→ **STORED DATA**
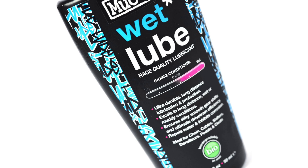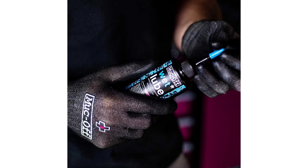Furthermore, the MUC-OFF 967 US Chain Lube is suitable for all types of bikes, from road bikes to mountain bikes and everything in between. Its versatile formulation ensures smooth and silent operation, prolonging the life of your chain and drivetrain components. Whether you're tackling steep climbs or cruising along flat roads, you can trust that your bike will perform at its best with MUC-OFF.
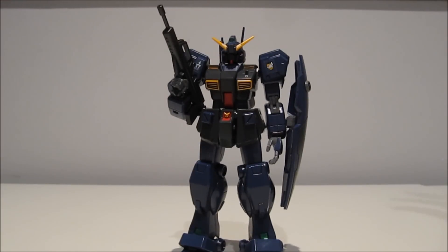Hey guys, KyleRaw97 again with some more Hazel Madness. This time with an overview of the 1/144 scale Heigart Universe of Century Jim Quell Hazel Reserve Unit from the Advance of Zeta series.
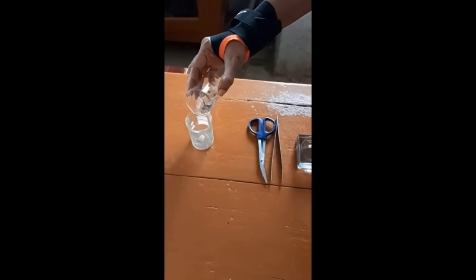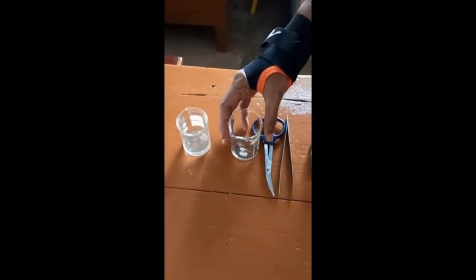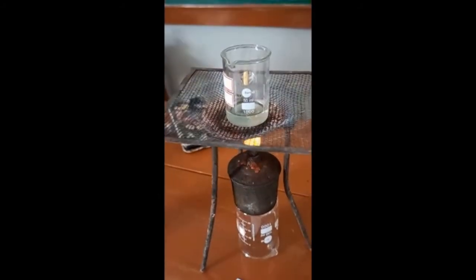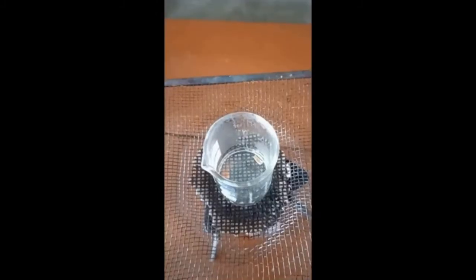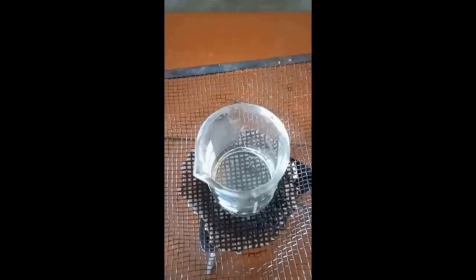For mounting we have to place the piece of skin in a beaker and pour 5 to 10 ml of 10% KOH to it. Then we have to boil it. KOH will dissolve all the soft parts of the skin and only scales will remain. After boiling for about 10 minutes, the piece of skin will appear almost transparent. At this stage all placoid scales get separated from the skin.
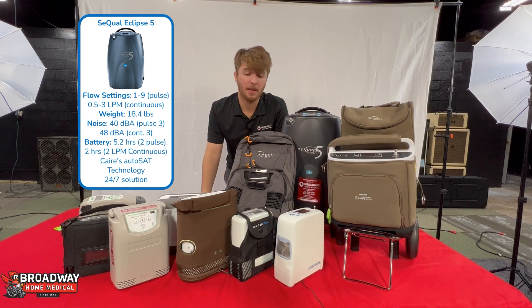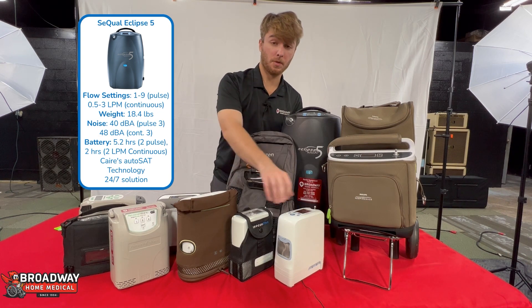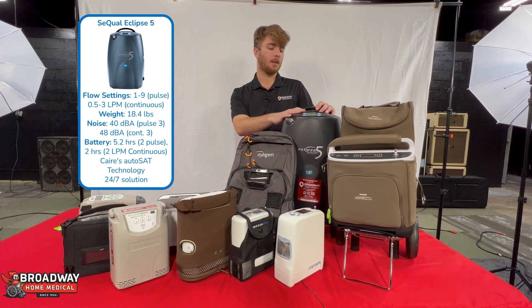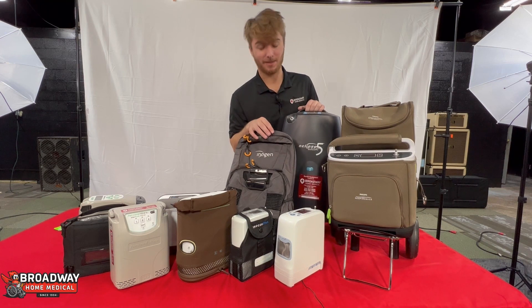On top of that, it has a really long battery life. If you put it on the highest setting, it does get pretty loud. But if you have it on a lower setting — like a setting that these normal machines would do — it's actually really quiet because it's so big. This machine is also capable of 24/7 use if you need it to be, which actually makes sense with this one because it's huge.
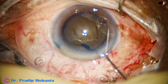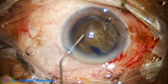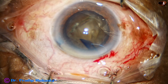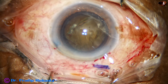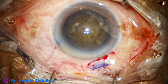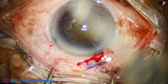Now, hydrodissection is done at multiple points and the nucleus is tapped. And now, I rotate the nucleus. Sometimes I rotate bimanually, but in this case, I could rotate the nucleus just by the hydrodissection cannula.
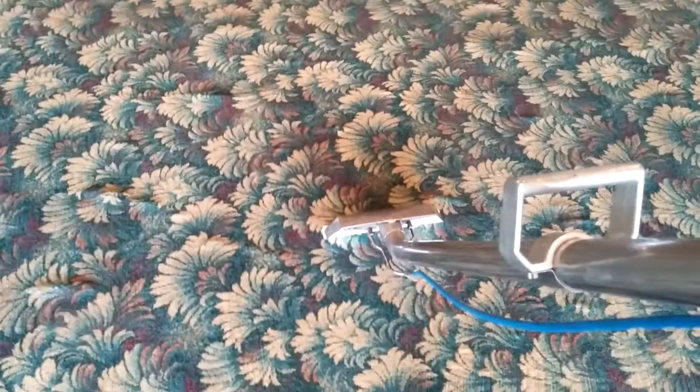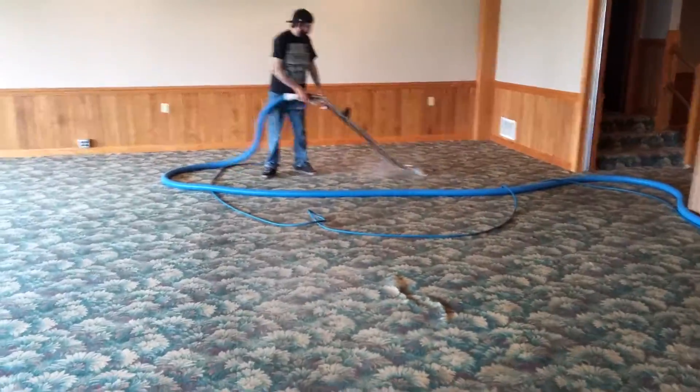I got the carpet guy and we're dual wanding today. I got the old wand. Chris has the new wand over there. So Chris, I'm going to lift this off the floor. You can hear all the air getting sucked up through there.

* * *

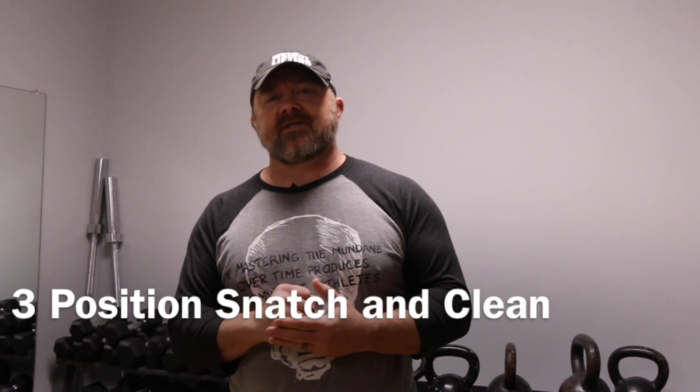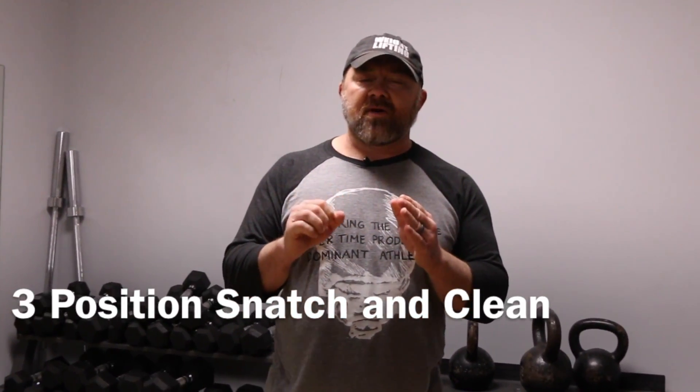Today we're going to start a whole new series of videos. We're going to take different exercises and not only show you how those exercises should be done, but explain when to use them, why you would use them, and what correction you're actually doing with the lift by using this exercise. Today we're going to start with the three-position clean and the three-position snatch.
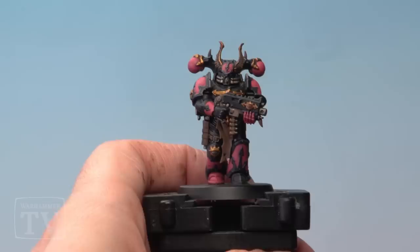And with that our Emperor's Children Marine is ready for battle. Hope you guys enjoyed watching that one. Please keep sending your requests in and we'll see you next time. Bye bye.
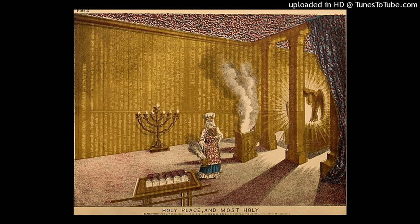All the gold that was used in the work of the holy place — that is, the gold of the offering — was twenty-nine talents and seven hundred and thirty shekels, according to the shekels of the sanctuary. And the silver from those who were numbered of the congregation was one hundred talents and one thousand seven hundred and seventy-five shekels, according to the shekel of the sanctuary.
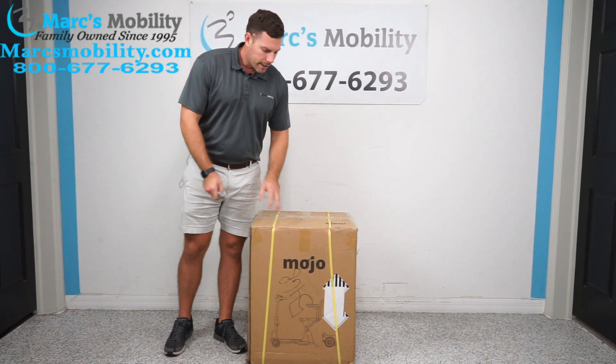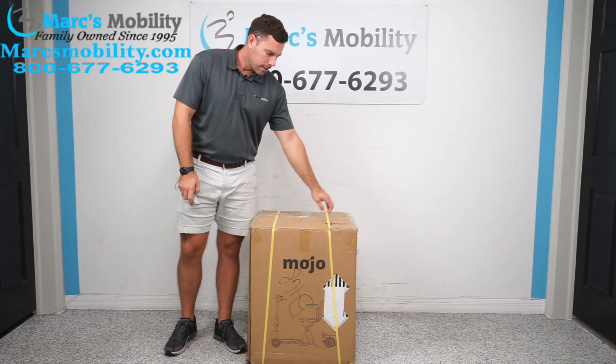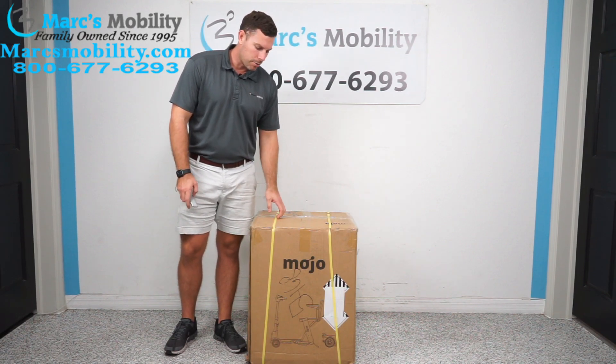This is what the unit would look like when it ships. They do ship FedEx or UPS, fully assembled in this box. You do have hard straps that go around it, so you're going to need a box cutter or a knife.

→ **WHAT YOU SHOULD DO**
Above, find the line with "Furthermore, the MUC-OFF"; copy it and every line down to the line with "I got the carpet", exactly and both included, but no pictures.

→ **RESPONSE**
Furthermore, the MUC-OFF 967 US Chain Lube is suitable for all types of bikes, from road bikes to mountain bikes and everything in between. Its versatile formulation ensures smooth and silent operation, prolonging the life of your chain and drivetrain components. Whether you're tackling steep climbs or cruising along flat roads, you can trust that your bike will perform at its best with MUC-OFF.
Hey guys, KyleRaw97 again with some more Hazel Madness. This time with an overview of the 1/144 scale Heigart Universe of Century Jim Quell Hazel Reserve Unit from the Advance of Zeta series.
For mounting we have to place the piece of skin in a beaker and pour 5 to 10 ml of 10% KOH to it. Then we have to boil it. KOH will dissolve all the soft parts of the skin and only scales will remain. After boiling for about 10 minutes, the piece of skin will appear almost transparent. At this stage all placoid scales get separated from the skin.
On top of that, it has a really long battery life. If you put it on the highest setting, it does get pretty loud. But if you have it on a lower setting — like a setting that these normal machines would do — it's actually really quiet because it's so big. This machine is also capable of 24/7 use if you need it to be, which actually makes sense with this one because it's huge.
Now, hydrodissection is done at multiple points and the nucleus is tapped. And now, I rotate the nucleus. Sometimes I rotate bimanually, but in this case, I could rotate the nucleus just by the hydrodissection cannula.
I got the carpet guy and we're dual wanding today. I got the old wand. Chris has the new wand over there. So Chris, I'm going to lift this off the floor. You can hear all the air getting sucked up through there.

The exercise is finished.